Alright, a giant Twitter rant about a monitoring system with a shitastic installer turned into a brief discussion with @neojima about graphing systems, so this brief bitty is inspired by him.
Over the years I have mentioned the work I did on network data graphs while I worked at $weDropPackets. The brief backstory, for the few of you who don’t know, I used to work for an ISP, and I was the everything guy. When I started, we were using MRTG. Now, MRTG is great for what it does, but it has some shortcomings. For starters, it can only poll and display two data points. This seems to have lead to the industry standard of all network traffic graphs: data in, and data out. It also cannot display negative numbers. While not useful for traffic data, plenty of other data points exist that can be negative numbers. MRTG, out of the box, also doesn’t scale very well at all. The base config and mode of operation regenerate the images every single time new data is ingested. This gets very disk I/O intensive very fast. There is a trick to do away with this, but given that I was faced with incoming staff members and graphs that provided very little actual, useful data for the untrained eye, I decided to start mucking about with some alternatives.
What lead me to settle on writing my own code that used RRDTool as the storage was a hideously ugly little program called drraw. While ugly, seriously ugly, it is a tremendously useful program. For one thing, it is stupid simple to set up. But more importantly, you throw RRD files at it, and it exposes, via a powerful yet intuitive web interface, all of the possible ways that RRDTool can manipulate and display that data. It then shows you how to get your web based efforts into the RRDTool command line, which I then translated into perl’s RRDtool::OO. I wasn’t about to take my perl display code, and fill it with system(“rrdtool foo bar baz….”), I have my dignity. In short, it is an amazing prototyping tool.
So, shortcomings of MRTG, and we were onboarding new people who were less technically proficient. A better analysis system for tier-1 support would be great, right? The owner didn’t even consider the possibility of doing something different, nor did I ever ask him, I just did this, and it turned out great enough that, as of at least mid 2019, they still use my code and ideas.
For the uninitiated, we were a WISP, that is Wireless Internet Service Provider in this context, the acronym has been overloaded a few times now. We used primarily Cambium’s Canopy product line for our last mile delivery to homes and business. The classic way almost all WISPs poll and display data, if they do it at all, is to track Received Signal Strength Indicator (RSSI), and Signal to Noise Ratio (SNR). RSSI is reported by the radio in decibels (dBm), which, due to the power levels involved, was a negative number. SNR is a positive number. So, we take a bit of customer data (this is from my 2014 presentation slide deck on this subject), and attempt to shoehorn these two values into something useful, here is the result. The green is the RSSI, blue is SNR.
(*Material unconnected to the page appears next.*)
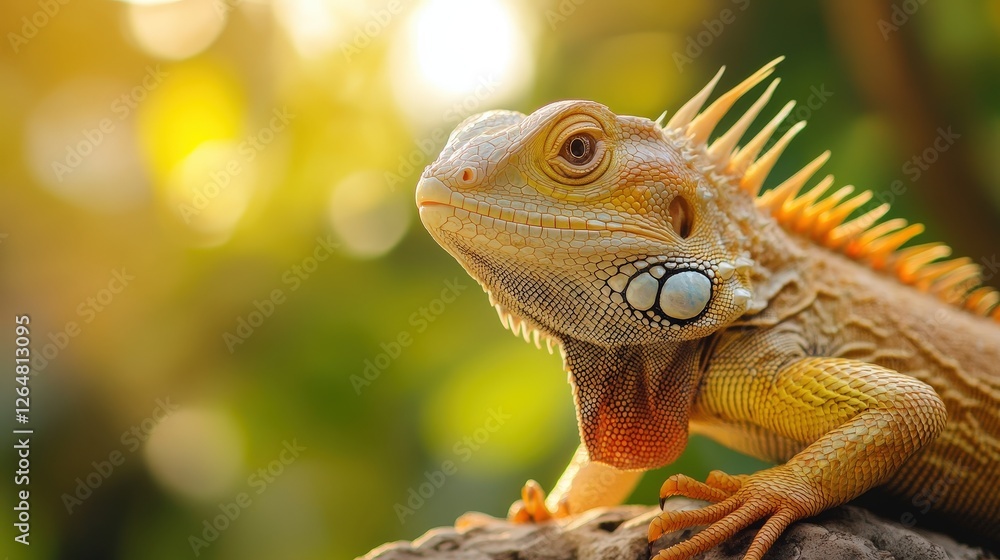 Obraz premium Colorful iguana basking under sunlight in a natural outdoor setting.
So here we have a one week view of RSSI and SNR. Since MRTG doesn’t do negative numbers, we had to manipulate the data as it was collected, so the displayed data rate is actually offset by 86, -86 dBm being a level low enough that basically no SM will hold a session to the AP. So, zero on this graph is actually -86 dBm, but only for the green stuff. Confused yet? Incoming CSRs sure were. Because if you sign into the CPE, it will report a actual negative number, this one is probably around -68 dBm on average. The blue SNR is displayed as an offset from zero, actually zero this time. The higher the line, the more noise you have. So, that is fairly intuitive. Polling this is a pain in the butt, because you have to settle on your data values at poll time, not interpretation time, meaning the MRTG poller had to be shunted with a little perl script that manipulated the data prior to storage.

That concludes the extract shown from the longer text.